Past winter-time riding experience also told me that no matter how I'm dressed, if the temps are between 20-40 degrees, I'm good for about 90 minutes of exposure. Less than 20 degrees, and I had better limit my time to 60 minutes or less. Knowing that the route was going to be wet and icy, I guessed at my average speed to be around 10mph, which would leave me with too long of a time to be out on the trail if I left right from home. Also knowing that the trail is not plowed north of 14 mile road, (the first 4 miles of my ride) it would likely spell disaster for a "fun commute" into work. I made the decision to rack the bike and drive to Rockford for my departure there. "Cheating!" some of you say, but wait a minute...I make the rules here! And, what the hell were you doing on January 26 - uh huh - commuting in your warm, comfy, leather encased seat listening to talk radio and screaming at idiots on the road. Sounds great, I'm sooooo jealous. (At least, that's how I talked myself into doing this.)

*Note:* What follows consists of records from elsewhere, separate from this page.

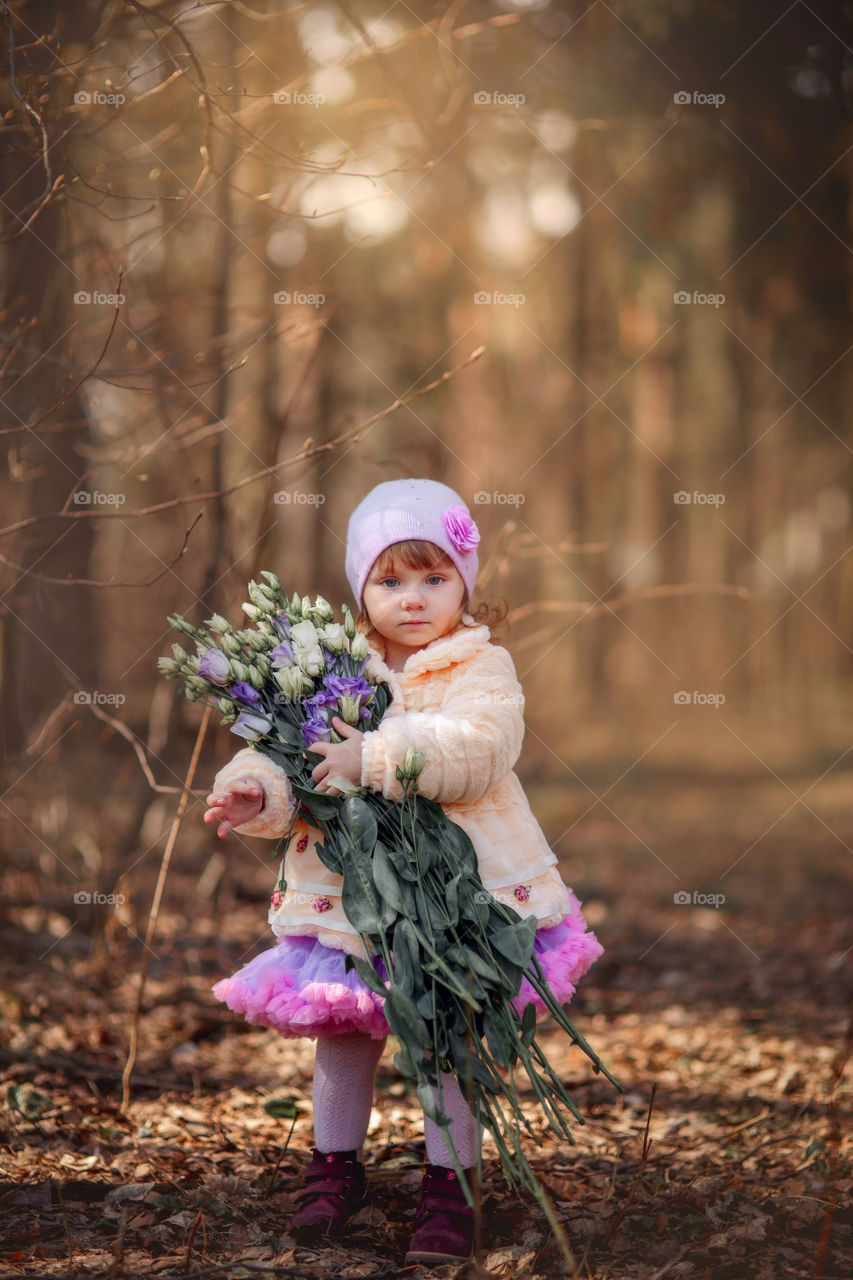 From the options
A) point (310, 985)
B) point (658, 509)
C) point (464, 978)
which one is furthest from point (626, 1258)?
point (658, 509)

Entering Rockford. Wet, but pretty.

Anyways, back to the story....leaving from Rockford turned out to be a very good guesstimate on my part. Each trip took about 80 minutes, and I averaged between 10-12mph. Good pace for ice and wet conditions. Things were very wet to begin with, hard to see through my glasses. Cold, but I had all the right layers for warmth and wind/rain protection. I was actually pretty cozy. My rear fender kept my ass from getting wet. (Very important)

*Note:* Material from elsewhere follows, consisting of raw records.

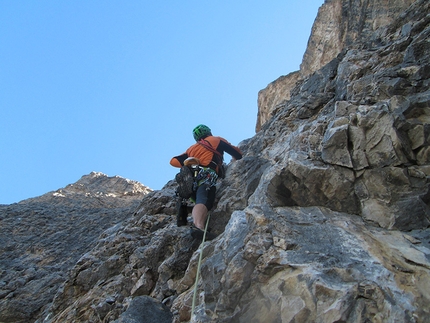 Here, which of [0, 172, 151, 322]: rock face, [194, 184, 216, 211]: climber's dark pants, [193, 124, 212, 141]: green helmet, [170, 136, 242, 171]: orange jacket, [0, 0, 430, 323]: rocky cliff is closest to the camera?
[0, 0, 430, 323]: rocky cliff

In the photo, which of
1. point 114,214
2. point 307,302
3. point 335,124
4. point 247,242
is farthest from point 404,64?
point 114,214

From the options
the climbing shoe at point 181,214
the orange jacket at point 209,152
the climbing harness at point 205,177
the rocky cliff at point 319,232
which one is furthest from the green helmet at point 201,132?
the climbing shoe at point 181,214

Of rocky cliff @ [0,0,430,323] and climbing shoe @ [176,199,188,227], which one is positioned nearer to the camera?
rocky cliff @ [0,0,430,323]

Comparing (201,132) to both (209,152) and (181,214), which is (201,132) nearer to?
(209,152)

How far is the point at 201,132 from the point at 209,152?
89 centimetres

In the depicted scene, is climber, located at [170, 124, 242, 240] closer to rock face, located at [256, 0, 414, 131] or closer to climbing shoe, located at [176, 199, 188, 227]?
climbing shoe, located at [176, 199, 188, 227]

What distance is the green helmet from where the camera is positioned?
8.46m

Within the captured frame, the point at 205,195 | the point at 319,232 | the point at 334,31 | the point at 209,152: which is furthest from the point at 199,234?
the point at 334,31

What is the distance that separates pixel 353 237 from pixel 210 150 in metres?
4.10

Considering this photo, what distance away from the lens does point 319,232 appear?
14.1 feet

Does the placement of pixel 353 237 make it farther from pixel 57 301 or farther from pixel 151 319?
pixel 57 301

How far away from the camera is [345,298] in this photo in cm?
338

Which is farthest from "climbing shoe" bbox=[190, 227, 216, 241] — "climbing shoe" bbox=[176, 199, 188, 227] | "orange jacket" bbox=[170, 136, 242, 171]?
"orange jacket" bbox=[170, 136, 242, 171]

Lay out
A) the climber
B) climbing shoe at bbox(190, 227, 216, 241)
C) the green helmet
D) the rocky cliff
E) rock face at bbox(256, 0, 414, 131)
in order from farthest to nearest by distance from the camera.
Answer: rock face at bbox(256, 0, 414, 131) → the green helmet → the climber → climbing shoe at bbox(190, 227, 216, 241) → the rocky cliff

The first 2-3 miles were total ice. The Klondikes performed beautifully. So stable and grippy. Only inflated to 60lbs, they stayed nice and pliable and able to grip all ruts. About half way to work, the rain/snow stopped and the wind kicked in. Made it to work in super-happy spirits. What fun to brave the elements and operate on the fringes of "acceptable behavior". ha ha

Later in the day, as I watched the radar to prepare for the ride home, I saw a band of snow coming and it wasn't dissipating but building. Okay, here we go! Put the bat suit on and get out there, man!

Wasn't bad actually. Better than rain. The hardest thing about it though was that the snow was coming down thick enough to cover the road and hide all the ice. I had to rely on shadows and textures from my headlight and then by feel of my bars. Bumpy like a dirt road = ice. Smooth and the clack, clack, clack of the studs = pavement.

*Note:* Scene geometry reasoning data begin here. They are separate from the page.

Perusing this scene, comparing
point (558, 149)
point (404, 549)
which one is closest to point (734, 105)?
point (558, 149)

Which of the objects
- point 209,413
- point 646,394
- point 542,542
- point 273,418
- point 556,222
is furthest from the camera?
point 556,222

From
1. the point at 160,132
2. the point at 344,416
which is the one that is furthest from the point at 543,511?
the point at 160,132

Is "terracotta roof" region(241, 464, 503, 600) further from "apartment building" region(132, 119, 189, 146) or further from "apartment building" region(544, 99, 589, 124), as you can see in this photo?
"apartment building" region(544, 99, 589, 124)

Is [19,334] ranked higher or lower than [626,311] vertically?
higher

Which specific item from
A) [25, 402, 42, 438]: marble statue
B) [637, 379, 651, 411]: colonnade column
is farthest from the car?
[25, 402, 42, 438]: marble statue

Saw two fat bikers, one mountain bike and a few people running/walking dogs on my way home. Everyone seemed jacked to be out in the snow when no one else was. I love the unspoken camaraderie experienced when you roll up on those people.

Early next week looks to be near 40 degrees. That will also be February. Might have to get my next month's worth of commuting within a week from now!

Leaving work.

Snowy commuter lane.

 Even snowier rail trail. No tracks, fresh snow.
This section was particularly super quiet. My favorite thing about winter riding, the silence.

My reward: Skillet Lasagna with homemade garlic toast. My wife makes a special dinner for my commutes. It just sort of started last year or so. It makes me ride faster so I can get home quicker. Its always something different and she's such a great cook.

I love her for accepting the "affliction" I have for cycling.


Welcome 2016!

Went for a good ride to start off the year with Matt Longest. We donned all our cold weather gear and battled mother nature's cold wind for a good 18 mile ride. Almost all dirt roads were snow or ice covered yet. Ice was slick - we each almost went down a few times. Surprisingly we made it up some steep hills without incident.